From 1fd002180e98d830da26f4593ce6bc7a838e2131 Mon Sep 17 00:00:00 2001
From: Matthew Honnibal <honnibal+gh@gmail.com>
Date: Tue, 29 Sep 2020 16:48:56 +0200
Subject: [PATCH] Allow more components to use labels

---
 spacy/pipeline/textcat.py            | 25 ++++++++++++-------------
 spacy/pipeline/transition_parser.pyx | 15 +++++++++------
 2 files changed, 21 insertions(+), 19 deletions(-)

diff --git a/spacy/pipeline/textcat.py b/spacy/pipeline/textcat.py
index 63b040333..d6dafa3f5 100644
--- a/spacy/pipeline/textcat.py
+++ b/spacy/pipeline/textcat.py
@@ -160,16 +160,12 @@ class TextCategorizer(Pipe):
         self.cfg["labels"] = tuple(value)
 
     @property
-    def label_data(self) -> Dict:
-        """RETURNS (Dict): Information about the component's labels.
+    def label_data(self) -> List[str]:
+        """RETURNS (List[str]): Information about the component's labels.
 
         DOCS: https://nightly.spacy.io/api/textcategorizer#labels
         """
-        return {
-            "labels": self.labels,
-            "positive": self.cfg["positive_label"],
-            "threshold": self.cfg["threshold"]
-        }
+        return self.labels
 
     def pipe(self, stream: Iterable[Doc], *, batch_size: int = 128) -> Iterator[Doc]:
         """Apply the pipe to a stream of documents.

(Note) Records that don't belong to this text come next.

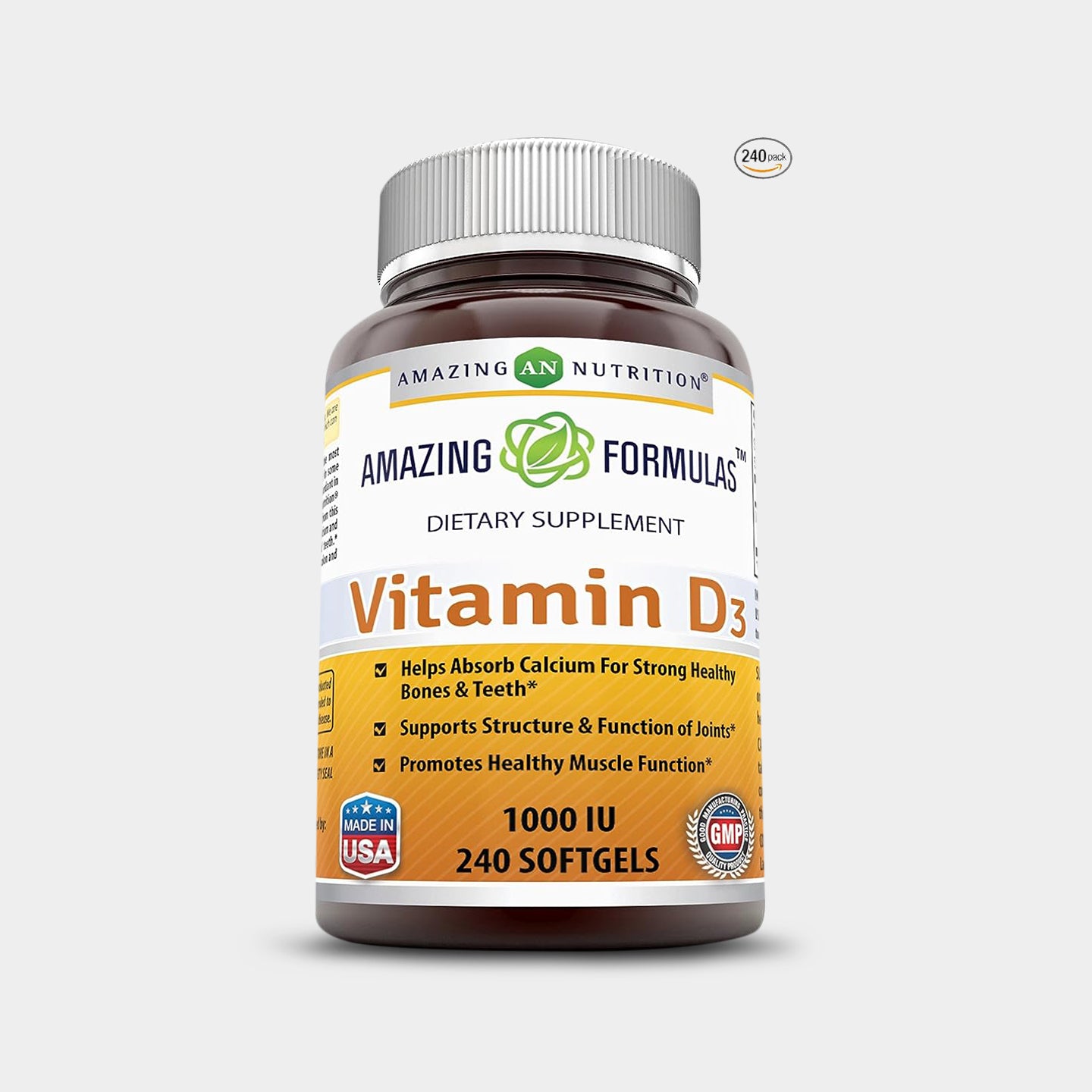 Amazing Formulas Vitamin D3 1000 IU A1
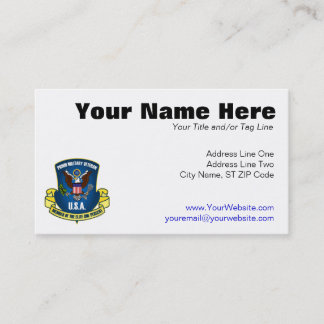 Elite One Percent (Blue) Business Card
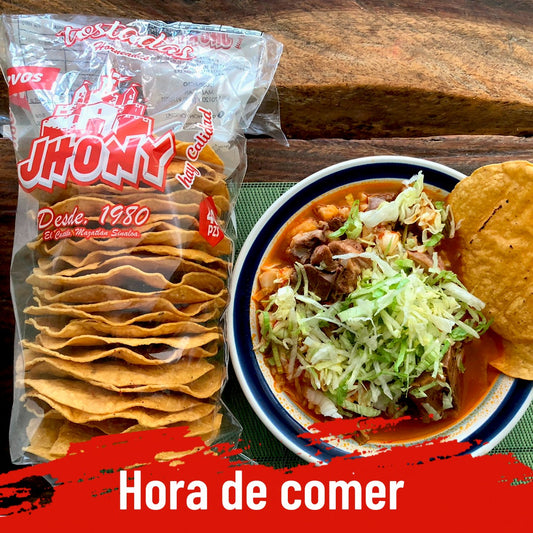 Tostada De Maíz Horneada Tubo C/40 Pzas Caja Con 14 Paquetes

This usually happens under
@@ -354,6 +350,7 @@ class TextCategorizer(Pipe):
         get_examples: Callable[[], Iterable[Example]],
         *,
         nlp: Optional[Language] = None,
+        labels: Optional[Dict] = None
     ):
         """Initialize the pipe for training, using a representative set
         of data examples.
@@ -365,12 +362,14 @@ class TextCategorizer(Pipe):
         DOCS: https://nightly.spacy.io/api/textcategorizer#initialize
         """
         self._ensure_examples(get_examples)
-        subbatch = []  # Select a subbatch of examples to initialize the model
-        for example in islice(get_examples(), 10):
-            if len(subbatch) < 2:
-                subbatch.append(example)
-            for cat in example.y.cats:
-                self.add_label(cat)
+        if labels is None:
+            for example in get_examples():
+                for cat in example.y.cats:
+                    self.add_label(cat)
+        else:
+            for label in labels:
+                self.add_label(label)
+        subbatch = list(islice(get_examples(), 10))
         doc_sample = [eg.reference for eg in subbatch]
         label_sample, _ = self._examples_to_truth(subbatch)
         self._require_labels()
diff --git a/spacy/pipeline/transition_parser.pyx b/spacy/pipeline/transition_parser.pyx
index 9f165cb15..11e0e5af8 100644
--- a/spacy/pipeline/transition_parser.pyx
+++ b/spacy/pipeline/transition_parser.pyx
@@ -409,17 +409,20 @@ cdef class Parser(Pipe):
     def set_output(self, nO):
         self.model.attrs["resize_output"](self.model, nO)
 
-    def initialize(self, get_examples, nlp=None):
+    def initialize(self, get_examples, *, nlp=None, labels=None):
         self._ensure_examples(get_examples)
         lexeme_norms = self.vocab.lookups.get_table("lexeme_norm", {})
         if len(lexeme_norms) == 0 and self.vocab.lang in util.LEXEME_NORM_LANGS:
             langs = ", ".join(util.LEXEME_NORM_LANGS)
             util.logger.debug(Warnings.W033.format(model="parser or NER", langs=langs))
-        actions = self.moves.get_actions(
-            examples=get_examples(),
-            min_freq=self.cfg['min_action_freq'],
-            learn_tokens=self.cfg["learn_tokens"]
-        )
+        if labels is not None:
+            actions = dict(labels)
+        else:
+            actions = self.moves.get_actions(
+                examples=get_examples(),
+                min_freq=self.cfg['min_action_freq'],
+                learn_tokens=self.cfg["learn_tokens"]
+            )
         for action, labels in self.moves.labels.items():
             actions.setdefault(action, {})
             for label, freq in labels.items():